Mark Langer refers to the pre-Hayes Code intervention ‘Betty Boop/Talkartoons’ shorts (1930-1933) as being pretty much all about “sex and death” and he’s right, in that whilst Clampett steers well clear of the really disturbing areas, The early Fleischer shorts are a miasma of distorted bodies, phallic objects, vaginal openings, fluid uncontrollable metamorphoses, inconsistent compostional sensibilities, dislocated sounds and all are contained within fractured dream-like narratives that exist as arranged sequences that appear as some kind of half-recalled afterthought. ‘Bimbo’s Initiation’ (1931) is an amazingly complex short which exemplifies this and replicates the dream state entirely through its subversions of space and time. Intriguingly it’s a film that is immersed in all sorts of Freudian totems that suggest acknowledgements around male performance anxieties and about becoming an ‘adult’ as much as any extension of what is permissible in terms of demarcating cartoon space. Like a number of films produced by the studio through this fertile period from ‘Old Man of The Mountain’ (1932) to ‘Is My Palm Read’ (1932) to the celebrated 1933 ‘Snow White’, it’s actually genuinely disturbing in places – which surely the pre-requisite of any surrealistic work. Clampett is more interested in popular culture while the Fleischers exhibit a more explicitly surrealistic approach. This is as much down to the haphazard ways they created their cartoons as it was their favouring of fusing a distinctly European approach to cartoon making to American industrial expectations.

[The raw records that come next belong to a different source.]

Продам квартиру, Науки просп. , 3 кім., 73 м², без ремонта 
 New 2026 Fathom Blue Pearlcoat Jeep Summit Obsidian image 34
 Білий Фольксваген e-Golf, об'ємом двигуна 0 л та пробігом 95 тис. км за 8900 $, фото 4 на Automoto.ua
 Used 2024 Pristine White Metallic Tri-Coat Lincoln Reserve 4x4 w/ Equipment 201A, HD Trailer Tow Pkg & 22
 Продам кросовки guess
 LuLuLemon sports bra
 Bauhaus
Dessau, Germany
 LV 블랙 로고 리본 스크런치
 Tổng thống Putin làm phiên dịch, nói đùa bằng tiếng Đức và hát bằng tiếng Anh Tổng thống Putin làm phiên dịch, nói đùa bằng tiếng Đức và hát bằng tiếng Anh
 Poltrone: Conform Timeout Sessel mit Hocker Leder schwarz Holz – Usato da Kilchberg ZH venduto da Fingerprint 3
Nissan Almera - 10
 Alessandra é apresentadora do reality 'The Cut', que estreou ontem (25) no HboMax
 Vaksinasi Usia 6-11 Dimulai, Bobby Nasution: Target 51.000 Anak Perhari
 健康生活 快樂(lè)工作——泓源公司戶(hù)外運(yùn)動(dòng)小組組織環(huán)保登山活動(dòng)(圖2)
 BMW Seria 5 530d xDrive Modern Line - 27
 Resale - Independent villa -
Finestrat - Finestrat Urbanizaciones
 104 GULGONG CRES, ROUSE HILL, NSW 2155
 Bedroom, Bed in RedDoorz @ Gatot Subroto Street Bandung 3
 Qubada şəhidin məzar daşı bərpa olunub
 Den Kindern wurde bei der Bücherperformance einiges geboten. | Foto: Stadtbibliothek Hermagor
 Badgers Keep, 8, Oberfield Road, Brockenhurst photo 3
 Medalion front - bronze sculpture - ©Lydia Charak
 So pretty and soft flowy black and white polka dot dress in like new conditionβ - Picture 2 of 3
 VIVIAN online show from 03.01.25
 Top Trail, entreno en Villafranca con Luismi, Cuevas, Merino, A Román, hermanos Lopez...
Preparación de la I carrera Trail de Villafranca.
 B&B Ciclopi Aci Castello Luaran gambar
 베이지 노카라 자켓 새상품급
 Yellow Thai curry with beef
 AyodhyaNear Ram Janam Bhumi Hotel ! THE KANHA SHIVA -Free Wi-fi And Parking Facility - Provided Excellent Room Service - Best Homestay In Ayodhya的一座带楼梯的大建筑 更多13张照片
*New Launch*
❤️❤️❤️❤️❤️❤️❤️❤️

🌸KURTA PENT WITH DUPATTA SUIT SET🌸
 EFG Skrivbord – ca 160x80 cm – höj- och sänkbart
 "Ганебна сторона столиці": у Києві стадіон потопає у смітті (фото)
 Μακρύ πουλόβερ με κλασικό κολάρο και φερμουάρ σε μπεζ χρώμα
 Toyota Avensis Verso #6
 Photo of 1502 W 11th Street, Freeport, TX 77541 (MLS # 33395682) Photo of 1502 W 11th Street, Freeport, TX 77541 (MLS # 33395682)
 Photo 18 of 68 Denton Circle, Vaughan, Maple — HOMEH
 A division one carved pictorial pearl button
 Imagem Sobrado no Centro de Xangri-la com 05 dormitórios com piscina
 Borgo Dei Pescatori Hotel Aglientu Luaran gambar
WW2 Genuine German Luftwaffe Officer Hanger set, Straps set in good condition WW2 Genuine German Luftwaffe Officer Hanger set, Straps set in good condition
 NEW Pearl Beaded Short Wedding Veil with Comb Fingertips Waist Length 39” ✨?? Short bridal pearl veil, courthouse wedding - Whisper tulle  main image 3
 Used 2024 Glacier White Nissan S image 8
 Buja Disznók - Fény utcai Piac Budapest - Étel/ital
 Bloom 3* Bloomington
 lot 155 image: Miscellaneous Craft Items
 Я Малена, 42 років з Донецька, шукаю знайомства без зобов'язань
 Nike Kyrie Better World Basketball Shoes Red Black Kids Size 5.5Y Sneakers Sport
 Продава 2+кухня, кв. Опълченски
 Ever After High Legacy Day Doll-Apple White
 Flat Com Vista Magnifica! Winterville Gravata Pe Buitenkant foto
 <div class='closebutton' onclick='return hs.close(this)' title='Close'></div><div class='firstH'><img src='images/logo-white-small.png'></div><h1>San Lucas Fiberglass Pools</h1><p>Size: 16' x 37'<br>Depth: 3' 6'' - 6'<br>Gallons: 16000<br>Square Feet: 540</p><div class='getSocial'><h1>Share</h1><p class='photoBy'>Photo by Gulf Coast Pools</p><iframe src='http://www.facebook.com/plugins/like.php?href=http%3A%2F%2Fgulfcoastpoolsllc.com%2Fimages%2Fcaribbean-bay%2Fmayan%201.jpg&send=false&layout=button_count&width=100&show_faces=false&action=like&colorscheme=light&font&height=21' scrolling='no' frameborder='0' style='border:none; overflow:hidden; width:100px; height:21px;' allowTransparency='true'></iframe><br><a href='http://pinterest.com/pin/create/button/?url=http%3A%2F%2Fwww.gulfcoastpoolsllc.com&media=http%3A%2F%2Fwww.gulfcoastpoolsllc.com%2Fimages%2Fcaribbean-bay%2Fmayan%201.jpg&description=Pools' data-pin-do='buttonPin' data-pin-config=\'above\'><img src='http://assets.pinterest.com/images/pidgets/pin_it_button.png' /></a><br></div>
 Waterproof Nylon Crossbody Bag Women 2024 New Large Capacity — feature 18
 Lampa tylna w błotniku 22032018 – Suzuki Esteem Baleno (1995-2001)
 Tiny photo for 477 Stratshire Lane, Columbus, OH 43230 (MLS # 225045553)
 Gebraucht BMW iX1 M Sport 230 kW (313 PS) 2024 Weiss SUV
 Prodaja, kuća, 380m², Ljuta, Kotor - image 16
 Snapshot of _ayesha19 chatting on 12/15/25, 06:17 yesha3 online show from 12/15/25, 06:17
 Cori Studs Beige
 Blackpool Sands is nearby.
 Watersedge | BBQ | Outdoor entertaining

TheoFantastique: In your chapter you also talk about the significance of Walt Disney’s animation, but he did not draw upon surrealism so much as his contemporaries. Where did Disney express Surrealism, and why did his expression of animation not draw upon it in greater ways?

Van Norris: There is something of a myth here, (and which I suspect the downplaying of Disney’s role within popular surrealistic animation in my own chapter in the book is adding to this!) in that the studio rejected this and other high art avant-garde practices. I think the rejection of a directly Bretonian register in such a commercial avenue would have had to have been inevitable as those ideas don’t really correspond with what Paul Wells refers to as the ”folksy Republicanism” that informs the studio’s overall ethos. However Disney experimented with limited/smear animations, abstract forms (which were tellingly rationalised beyond recognition in his 1940 ‘Fantasia’) and surrealism itself through his collaboration with Dali on the remarkable ‘Destino’ project began in 1945, but was never completed. All of this was laudable and certainly progressive in intent but inevitably appeared to be undermined by Disney’s own highly compromised nature as part artist and part business-man. Disney, like Clampett at Warners, seems happier to contain moments which conform to aspects of surrealistic practice (that occasionally could shock and disturb) within dream sequences, extreme moments and as contained within some space away from the universe in which his central characters operate. Which again points to this larger issue that often, as Rosemont points out, American art feels the need to quantify the irrational and the unexplained in terms of form and theme – that such a resolutely European idea as Surrealism inevitably would become transformed into something altogether less contentious.

TheoFantastique: Van, again, thanks for your discussion of an interesting topic. I hope it will give animation and Surrealism fans alike new things to think about.

Van Norris: Thank you.

One Response to “Van Norris: Surrealism in American Animation”

  1. as Van Norris reminds we must not use the term surrealism so loosely that it comes to mean anything vaguely weird. at the same time we have to accept it seems to have undergone change from the moment of its very creation in the manifesto. No doubt that capacity for metamorphosis contributes to its continuing capacity to give food for thought, and, no matter how darkly, plain old fun.